Thinking about tackling out-of-control debt problems all on your own? It’s not for
the faint of heart — it takes time, persistence and serious dedication. Without the proper research (or the help of a professional debt management company), you’re sure to make some mistakes along the way. Unfortunately, many of those mistakes could make your debt problems even worse and they can have serious implications on your financial future, if you’re not careful. Here are some of the most common mistakes people make when trying to eliminate or reduce credit card debt and things you can do to avoid them:
Creating an Unrealistic Plan
Creating an unrealistic or impractical debt reduction plan is a common mistake. You can’t fix your debt problems overnight and it can take months (or years!) for your situation to be completely resolved. Setting your goals too high could leave you feeling frustrated or hopeless when you can’t make ends meet. Rather than falling off track when it gets too tough, take it slow and be patient. Make sure you create a debt reduction plan that allows you to pay all your monthly obligations with ease to ensure that you’ll make it through to the end.
Tackling Too Many Accounts at Once
Don’t try to payoff all your outstanding credit card debt simultaneously. If you have multiple credit accounts that you’d like to eliminate, deal with each one individually — one at a time. Not only will the progress be more obvious as you make payments, but paying off one account completely will be more impactful to your credit score than paying off a smaller amount on several different accounts.
Taking Out a Second Mortgage
Although taking out a second mortgage or using a home equity line are legitimate ways to consolidate and reduce your debt, studies show that most people who use these methods eventually end up with even more debt further down the road. “Robbing Peter to pay Paul” is no way to tackle your debt problems. If you don’t resolve the underlying issue of spending more money than you make, you’ll end up in the same situation as before. Is paying off your unsecured debt really worth loosing your home? Dont’ risk it! Before you consider a second mortgage or home equity loan, be sure you can afford the monthly payments. And be prepared to drastically reduce your spending to ensure you don’t fall into the same traps again.

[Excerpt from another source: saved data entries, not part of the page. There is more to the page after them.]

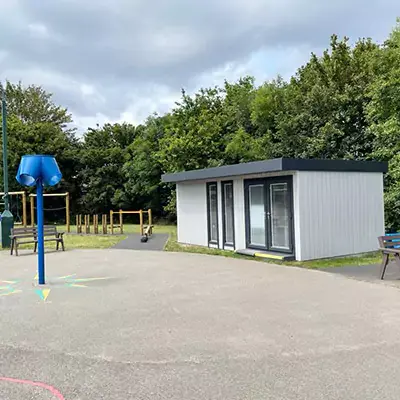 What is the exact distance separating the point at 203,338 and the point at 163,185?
26.6 m

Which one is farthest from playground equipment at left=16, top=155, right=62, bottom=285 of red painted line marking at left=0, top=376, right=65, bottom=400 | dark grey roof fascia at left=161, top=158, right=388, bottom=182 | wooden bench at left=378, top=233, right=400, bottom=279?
wooden bench at left=378, top=233, right=400, bottom=279

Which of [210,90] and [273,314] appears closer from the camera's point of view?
[273,314]

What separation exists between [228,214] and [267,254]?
267 centimetres

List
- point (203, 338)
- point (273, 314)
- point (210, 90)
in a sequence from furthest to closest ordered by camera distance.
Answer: point (210, 90), point (273, 314), point (203, 338)

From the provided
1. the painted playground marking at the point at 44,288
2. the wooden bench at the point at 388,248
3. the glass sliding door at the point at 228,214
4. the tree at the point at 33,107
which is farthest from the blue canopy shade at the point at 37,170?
the tree at the point at 33,107

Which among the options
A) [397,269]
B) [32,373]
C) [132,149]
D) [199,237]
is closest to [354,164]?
[397,269]

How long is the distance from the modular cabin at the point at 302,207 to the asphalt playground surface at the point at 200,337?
2213 mm

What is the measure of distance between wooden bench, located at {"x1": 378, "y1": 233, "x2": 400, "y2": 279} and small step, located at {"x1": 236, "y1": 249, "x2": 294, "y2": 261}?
2.98 m

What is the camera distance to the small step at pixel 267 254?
37.8ft

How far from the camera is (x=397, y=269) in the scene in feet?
31.6

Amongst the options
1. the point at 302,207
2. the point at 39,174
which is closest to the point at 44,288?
the point at 39,174

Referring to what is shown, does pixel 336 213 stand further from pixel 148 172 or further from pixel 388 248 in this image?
pixel 148 172

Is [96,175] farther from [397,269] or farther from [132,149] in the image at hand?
[397,269]

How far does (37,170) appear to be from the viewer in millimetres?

Using Credit Cards to Pay Credit Cards
You might be enticed by the 0% APR credit cards that show up in your mailbox each day, but proceed with caution. While it’s possible to transfer your higher rate credit card balances and achieve some savings, most people that have problems with debt have problems for a reason. If you don’t have the financial discipline to control your spending and avoid new purchases, your problems will get even worse. Keep in mind that the 0% APR won’t last forever, and at some point you’ll be paying interest on your balance. You could end up paying even higher rates, and if you add new charges you’ll have even more debt to eliminate.
Canceling Credit Cards
If you lack the self-control to keep your credit cards in your wallet, you may find it tempting ton cancel your accounts completely. But having open credit card accounts can have a positive impact on your credit score, especially when you keep the balances low. If you must close your credit card accounts, wait until the cards are paid off completely. Canceling an account before it’s paid-in-full will make it less likely the credit card company will be willing to work with you if you need any assistance.
Making Big Purchases
This should be obvious! If you’re seriously committed to debt reduction, you shouldn’t be buying large items that you can’t afford. If you can’t pay with cash, it’s not worth risking your financial future. Wait until you’ve completely eliminated your debt before you consider any large purchases on credit. Credit should be reserved for emergency situations only – and only used as a last resort.